US Secretary of State John Kerry denied yesterday that a split has emerged between Washington and Europe over how to handle Russia, after leading US senators sharply criticised Germany and other countries who oppose sending arms to the Ukraine military.“Let me assure everybody there’s no division, there’s no split – I hear people trying to create one,” Kerry told a security conference in Munich.

“We’re united, we’re working closely together, we all agree that this challenge will not end through military force. We’re united in our diplomacy.”

Meanwhile, Germany’s Angela Merkel said on Saturday that sending arms to help Ukraine fight pro-Russian separatists wouldn’t solve the crisis there, drawing sharp rebukes from US politicians who accused Berlin of turning its back on an ally in distress.

The heated exchanges at a security conference in Munich pointed to cracks in the transatlantic consensus on how to confront Russian President Vladimir Putin over a deepening conflict in eastern Ukraine that has killed more than 5,000.

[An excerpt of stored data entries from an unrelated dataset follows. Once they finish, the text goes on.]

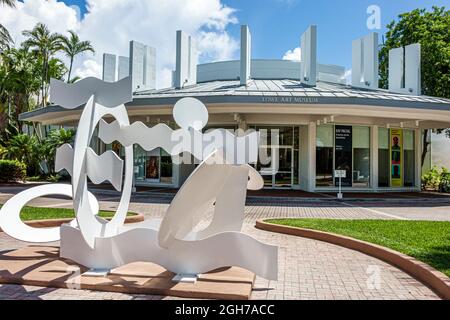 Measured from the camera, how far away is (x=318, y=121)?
1975 cm

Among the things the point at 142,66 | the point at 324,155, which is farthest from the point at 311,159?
the point at 142,66

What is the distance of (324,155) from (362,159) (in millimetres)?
2333

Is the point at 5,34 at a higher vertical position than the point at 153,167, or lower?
higher

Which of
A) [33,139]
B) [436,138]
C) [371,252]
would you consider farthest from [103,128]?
[436,138]

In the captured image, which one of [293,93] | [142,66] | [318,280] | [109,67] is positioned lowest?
[318,280]

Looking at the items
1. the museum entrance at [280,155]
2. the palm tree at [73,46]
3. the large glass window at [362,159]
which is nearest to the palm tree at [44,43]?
the palm tree at [73,46]

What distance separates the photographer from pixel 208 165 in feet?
15.7

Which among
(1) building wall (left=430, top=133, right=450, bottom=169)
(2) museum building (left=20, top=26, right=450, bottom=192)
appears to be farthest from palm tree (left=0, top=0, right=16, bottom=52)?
(1) building wall (left=430, top=133, right=450, bottom=169)

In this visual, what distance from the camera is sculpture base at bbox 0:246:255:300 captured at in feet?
15.9

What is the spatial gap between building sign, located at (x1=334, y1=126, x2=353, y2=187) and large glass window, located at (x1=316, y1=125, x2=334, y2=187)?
30 centimetres

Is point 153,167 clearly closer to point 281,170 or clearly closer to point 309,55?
point 281,170

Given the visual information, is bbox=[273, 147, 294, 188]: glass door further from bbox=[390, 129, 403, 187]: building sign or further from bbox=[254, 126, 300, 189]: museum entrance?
A: bbox=[390, 129, 403, 187]: building sign

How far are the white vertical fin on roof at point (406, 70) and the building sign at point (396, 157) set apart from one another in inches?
115

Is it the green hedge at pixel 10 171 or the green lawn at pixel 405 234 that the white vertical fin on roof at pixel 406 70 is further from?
the green hedge at pixel 10 171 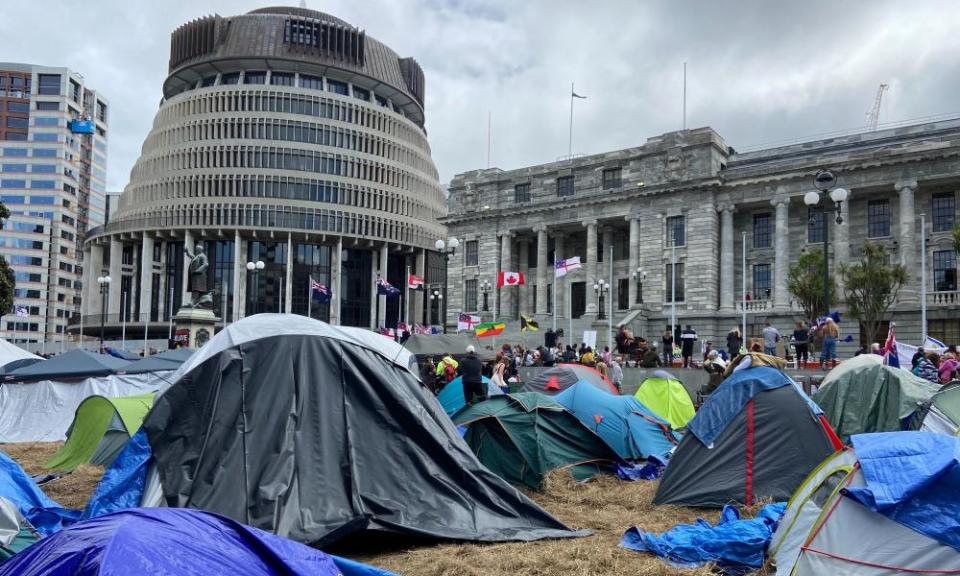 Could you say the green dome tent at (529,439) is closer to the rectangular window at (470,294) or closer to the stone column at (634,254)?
the stone column at (634,254)

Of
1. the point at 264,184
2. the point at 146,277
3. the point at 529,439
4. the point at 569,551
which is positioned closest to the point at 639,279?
the point at 264,184

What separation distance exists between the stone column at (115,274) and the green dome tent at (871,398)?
78.8 meters

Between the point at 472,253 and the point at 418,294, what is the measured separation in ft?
79.3

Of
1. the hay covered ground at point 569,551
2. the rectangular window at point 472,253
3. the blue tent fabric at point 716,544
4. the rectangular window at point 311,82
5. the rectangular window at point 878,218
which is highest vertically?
the rectangular window at point 311,82

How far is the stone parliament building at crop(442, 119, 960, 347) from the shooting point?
44688mm

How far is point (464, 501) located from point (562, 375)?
370 inches

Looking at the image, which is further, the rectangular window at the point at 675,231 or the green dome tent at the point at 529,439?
the rectangular window at the point at 675,231

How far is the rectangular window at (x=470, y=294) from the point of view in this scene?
6088 cm

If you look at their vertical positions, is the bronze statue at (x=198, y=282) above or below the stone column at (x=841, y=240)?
below

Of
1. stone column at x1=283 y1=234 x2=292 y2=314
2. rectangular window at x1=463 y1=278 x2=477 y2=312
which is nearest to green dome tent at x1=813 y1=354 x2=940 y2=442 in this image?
rectangular window at x1=463 y1=278 x2=477 y2=312

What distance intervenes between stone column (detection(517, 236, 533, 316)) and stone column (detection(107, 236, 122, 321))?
4401cm

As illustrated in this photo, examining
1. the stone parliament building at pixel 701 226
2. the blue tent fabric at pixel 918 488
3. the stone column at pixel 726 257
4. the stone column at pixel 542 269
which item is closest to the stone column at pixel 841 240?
the stone parliament building at pixel 701 226

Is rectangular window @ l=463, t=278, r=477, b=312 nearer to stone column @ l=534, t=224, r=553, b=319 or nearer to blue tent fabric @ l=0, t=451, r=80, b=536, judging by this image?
stone column @ l=534, t=224, r=553, b=319

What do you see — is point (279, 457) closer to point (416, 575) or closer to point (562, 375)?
point (416, 575) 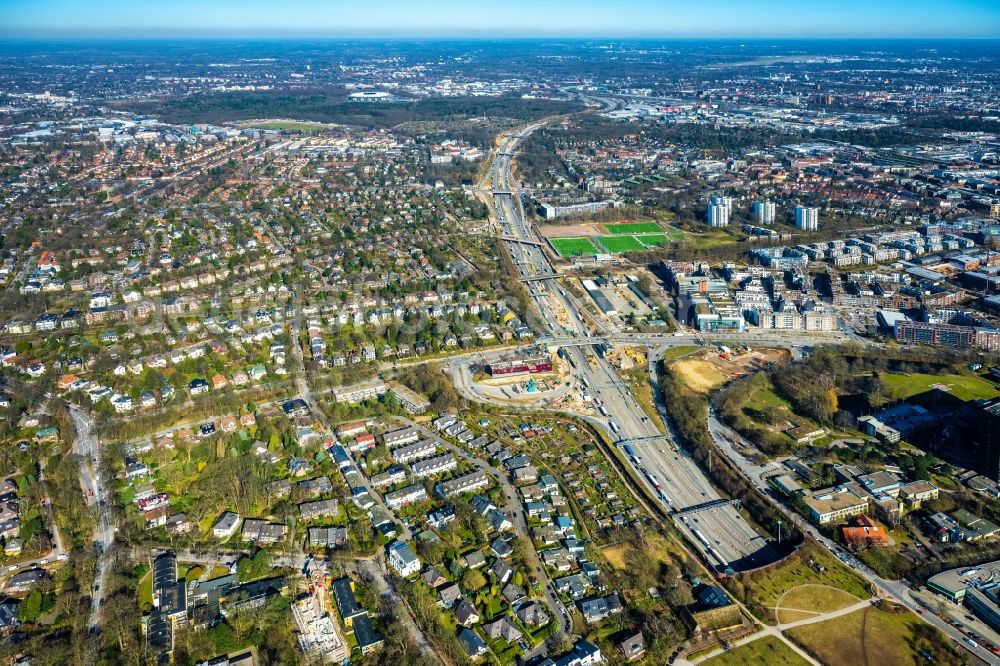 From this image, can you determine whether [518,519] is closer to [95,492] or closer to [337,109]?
[95,492]

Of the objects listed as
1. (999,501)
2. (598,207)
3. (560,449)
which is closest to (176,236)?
(598,207)

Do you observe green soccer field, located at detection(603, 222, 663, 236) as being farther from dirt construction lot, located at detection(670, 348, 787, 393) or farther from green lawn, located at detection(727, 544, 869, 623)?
green lawn, located at detection(727, 544, 869, 623)

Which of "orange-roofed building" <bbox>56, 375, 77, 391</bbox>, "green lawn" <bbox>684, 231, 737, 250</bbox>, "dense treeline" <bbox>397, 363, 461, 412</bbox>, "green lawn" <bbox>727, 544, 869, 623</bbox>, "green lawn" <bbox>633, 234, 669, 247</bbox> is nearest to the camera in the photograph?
"green lawn" <bbox>727, 544, 869, 623</bbox>

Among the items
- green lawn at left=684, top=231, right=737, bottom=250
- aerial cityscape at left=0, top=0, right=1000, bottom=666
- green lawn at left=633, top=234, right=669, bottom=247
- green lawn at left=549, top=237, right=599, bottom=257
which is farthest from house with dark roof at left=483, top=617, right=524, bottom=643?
green lawn at left=633, top=234, right=669, bottom=247

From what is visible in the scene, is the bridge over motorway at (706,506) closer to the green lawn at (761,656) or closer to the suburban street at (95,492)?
the green lawn at (761,656)

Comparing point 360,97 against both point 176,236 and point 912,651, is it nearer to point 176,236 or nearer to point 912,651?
point 176,236

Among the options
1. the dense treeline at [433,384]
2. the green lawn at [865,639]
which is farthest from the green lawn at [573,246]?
the green lawn at [865,639] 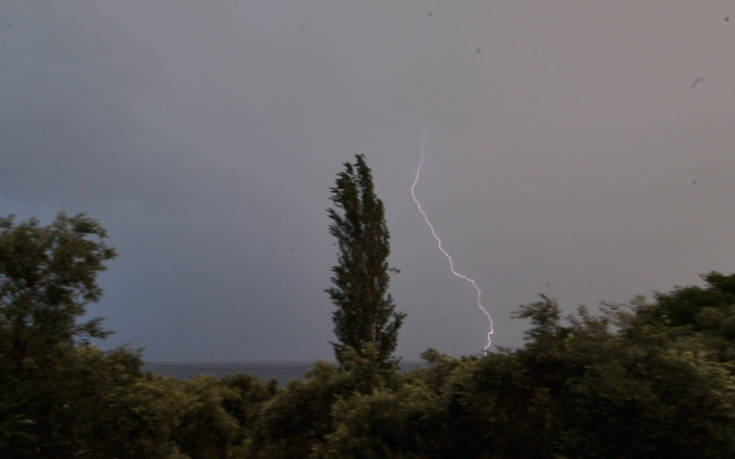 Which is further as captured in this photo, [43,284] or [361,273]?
[361,273]

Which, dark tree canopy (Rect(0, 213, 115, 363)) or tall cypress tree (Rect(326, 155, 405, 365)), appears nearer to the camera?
dark tree canopy (Rect(0, 213, 115, 363))

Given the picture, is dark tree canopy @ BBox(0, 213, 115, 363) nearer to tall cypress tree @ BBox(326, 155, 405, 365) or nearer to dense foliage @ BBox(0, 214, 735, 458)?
dense foliage @ BBox(0, 214, 735, 458)

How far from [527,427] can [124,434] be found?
21.0ft

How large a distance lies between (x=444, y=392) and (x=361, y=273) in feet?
29.9

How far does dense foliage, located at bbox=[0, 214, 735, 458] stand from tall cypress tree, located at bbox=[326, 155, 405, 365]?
7250mm

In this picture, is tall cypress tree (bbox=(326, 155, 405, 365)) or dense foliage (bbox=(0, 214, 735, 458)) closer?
dense foliage (bbox=(0, 214, 735, 458))

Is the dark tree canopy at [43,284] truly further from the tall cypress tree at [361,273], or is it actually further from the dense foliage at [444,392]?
the tall cypress tree at [361,273]

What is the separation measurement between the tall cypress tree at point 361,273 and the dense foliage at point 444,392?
7250 millimetres

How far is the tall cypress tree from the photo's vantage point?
1669cm

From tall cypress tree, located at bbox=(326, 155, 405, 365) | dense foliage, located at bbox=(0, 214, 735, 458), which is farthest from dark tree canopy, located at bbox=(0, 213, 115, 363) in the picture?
tall cypress tree, located at bbox=(326, 155, 405, 365)

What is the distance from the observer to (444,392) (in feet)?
26.9

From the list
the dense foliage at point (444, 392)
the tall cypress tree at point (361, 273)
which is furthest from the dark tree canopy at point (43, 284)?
the tall cypress tree at point (361, 273)

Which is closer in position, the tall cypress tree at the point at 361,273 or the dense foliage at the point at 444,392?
the dense foliage at the point at 444,392

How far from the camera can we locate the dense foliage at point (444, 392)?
633cm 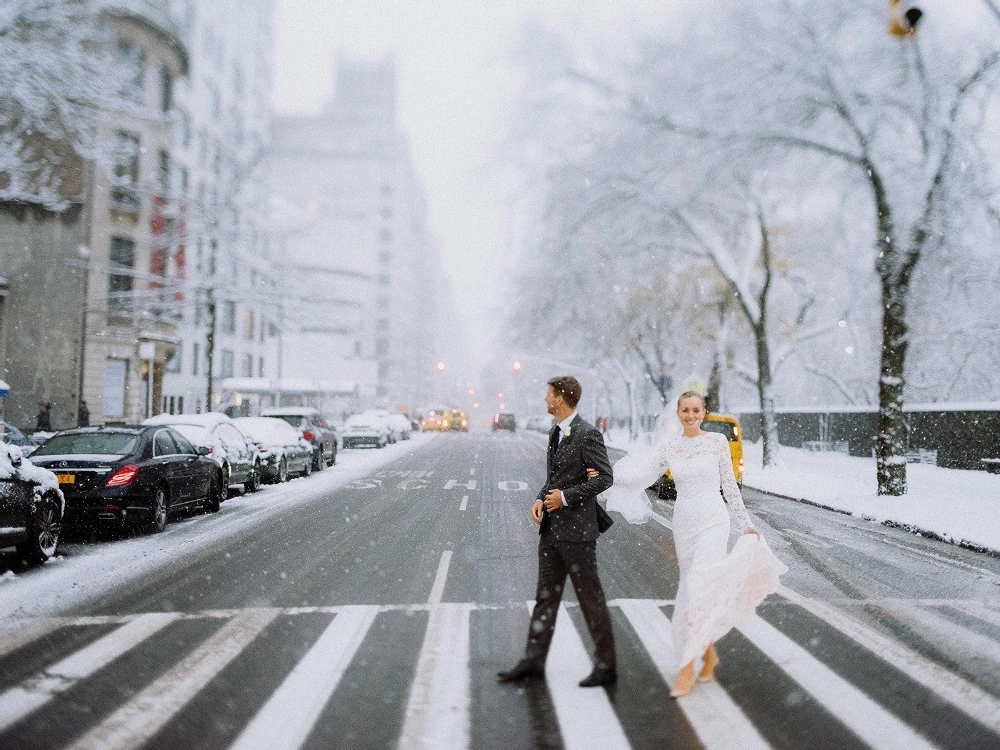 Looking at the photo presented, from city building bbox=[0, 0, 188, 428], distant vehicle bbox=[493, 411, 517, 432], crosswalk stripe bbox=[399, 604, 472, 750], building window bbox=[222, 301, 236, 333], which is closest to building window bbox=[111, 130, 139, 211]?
city building bbox=[0, 0, 188, 428]

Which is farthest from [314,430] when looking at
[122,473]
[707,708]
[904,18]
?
[707,708]

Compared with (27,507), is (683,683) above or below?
below

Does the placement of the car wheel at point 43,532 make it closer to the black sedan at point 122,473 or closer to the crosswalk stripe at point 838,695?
the black sedan at point 122,473

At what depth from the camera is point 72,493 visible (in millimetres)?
11414

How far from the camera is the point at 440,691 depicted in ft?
16.8

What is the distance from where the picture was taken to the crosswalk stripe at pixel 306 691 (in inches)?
171

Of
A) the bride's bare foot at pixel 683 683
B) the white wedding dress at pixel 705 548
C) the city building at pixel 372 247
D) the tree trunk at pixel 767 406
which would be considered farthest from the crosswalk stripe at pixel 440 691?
the city building at pixel 372 247

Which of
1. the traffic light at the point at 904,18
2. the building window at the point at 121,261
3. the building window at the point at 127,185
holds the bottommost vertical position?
Result: the traffic light at the point at 904,18

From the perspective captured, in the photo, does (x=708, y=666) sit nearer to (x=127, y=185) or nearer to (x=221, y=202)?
(x=221, y=202)

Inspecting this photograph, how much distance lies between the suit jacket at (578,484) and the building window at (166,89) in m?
36.7

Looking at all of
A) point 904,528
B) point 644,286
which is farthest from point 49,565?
point 644,286

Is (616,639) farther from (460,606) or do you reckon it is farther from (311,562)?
(311,562)

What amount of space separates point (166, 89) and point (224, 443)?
2579 cm

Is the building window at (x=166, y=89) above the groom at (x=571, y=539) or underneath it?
above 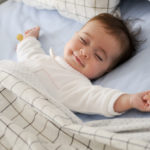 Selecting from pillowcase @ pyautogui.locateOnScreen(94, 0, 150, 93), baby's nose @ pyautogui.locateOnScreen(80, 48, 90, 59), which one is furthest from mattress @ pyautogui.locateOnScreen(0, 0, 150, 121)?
baby's nose @ pyautogui.locateOnScreen(80, 48, 90, 59)

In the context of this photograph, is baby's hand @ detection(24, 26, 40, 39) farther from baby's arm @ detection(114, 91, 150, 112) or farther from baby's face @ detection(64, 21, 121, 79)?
baby's arm @ detection(114, 91, 150, 112)

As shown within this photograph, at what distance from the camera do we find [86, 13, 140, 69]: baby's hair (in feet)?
3.53

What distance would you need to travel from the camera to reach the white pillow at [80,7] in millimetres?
1197

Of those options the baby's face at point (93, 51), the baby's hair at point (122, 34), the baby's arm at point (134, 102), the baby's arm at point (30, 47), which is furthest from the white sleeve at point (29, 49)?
the baby's arm at point (134, 102)

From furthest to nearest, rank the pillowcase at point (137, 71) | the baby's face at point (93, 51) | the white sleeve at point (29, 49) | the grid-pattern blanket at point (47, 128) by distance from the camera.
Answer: the white sleeve at point (29, 49), the baby's face at point (93, 51), the pillowcase at point (137, 71), the grid-pattern blanket at point (47, 128)

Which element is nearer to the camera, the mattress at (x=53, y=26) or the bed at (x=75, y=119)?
the bed at (x=75, y=119)

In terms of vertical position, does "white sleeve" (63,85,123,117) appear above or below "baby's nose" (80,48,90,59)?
below

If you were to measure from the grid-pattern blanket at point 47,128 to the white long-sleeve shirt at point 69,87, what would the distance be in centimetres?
8

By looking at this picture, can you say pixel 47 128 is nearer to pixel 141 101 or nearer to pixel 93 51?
pixel 141 101

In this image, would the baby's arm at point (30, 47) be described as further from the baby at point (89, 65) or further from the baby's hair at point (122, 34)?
the baby's hair at point (122, 34)

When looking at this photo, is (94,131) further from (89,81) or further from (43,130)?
(89,81)

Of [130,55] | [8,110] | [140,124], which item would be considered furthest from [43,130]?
[130,55]

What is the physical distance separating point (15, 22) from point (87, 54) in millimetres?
660

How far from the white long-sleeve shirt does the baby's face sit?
0.03 metres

Ukraine’s military said on Saturday that pro-Russian separatists had stepped up shelling of government forces and appeared to be amassing troops for new offensives on the key railway town of Debaltseve and the coastal city of Mariupol.

The rebel offensive has triggered a flurry of shuttle diplomacy, with Merkel and French President Francois Hollande jetting to Moscow on Friday to try to convince Putin to do a peace deal.

But European officials acknowledge that the Russian leader may have little incentive to negotiate now, preferring to sit back and watch as separatists seize more territory, undermining a ceasefire agreement clinched last September in the Belarus capital Minsk.

The German leader conceded in Munich, after returning home from Moscow in the dead of night, that it was uncertain whether a Franco-German peace plan presented to Kiev and Moscow this week would succeed.

But she flatly rejected the notion that sending weapons to Kiev, an idea being considered by US President Barack Obama, would help resolve the conflict. “I understand the debate but I believe that more weapons will not lead to the progress Ukraine needs. I really doubt that,” said the conservative German leader, who has led western efforts to try to resolve the crisis through negotiations and will travel to Washington on Sunday for talks with Obama.

US Vice President Joe Biden, speaking at the same conference, tried to play down differences with Europe, saying he and Obama agreed that no efforts should be spared to resolve the conflict peacefully.

But he made clear that Washington stood ready to provide Ukraine with the means to defend itself, saying: “Too many times President Putin has promised peace and delivered tanks, troops and weapons.”

Russia’s annexation of the Crimean peninsula in March last year and evidence that it is supporting separatist forces in the east of the country, which the Kremlin denies, have driven Moscow’s relations with the West to a post-Cold War low.

The EU and United States have imposed a series of sanctions against Moscow that have contributed to a sharp downturn in the Russian economy.

Merkel and her allies in Europe want to continue to punish Russia by tightening the economic screws. Obama faces pressure from members of Congress to do more.- Reuters.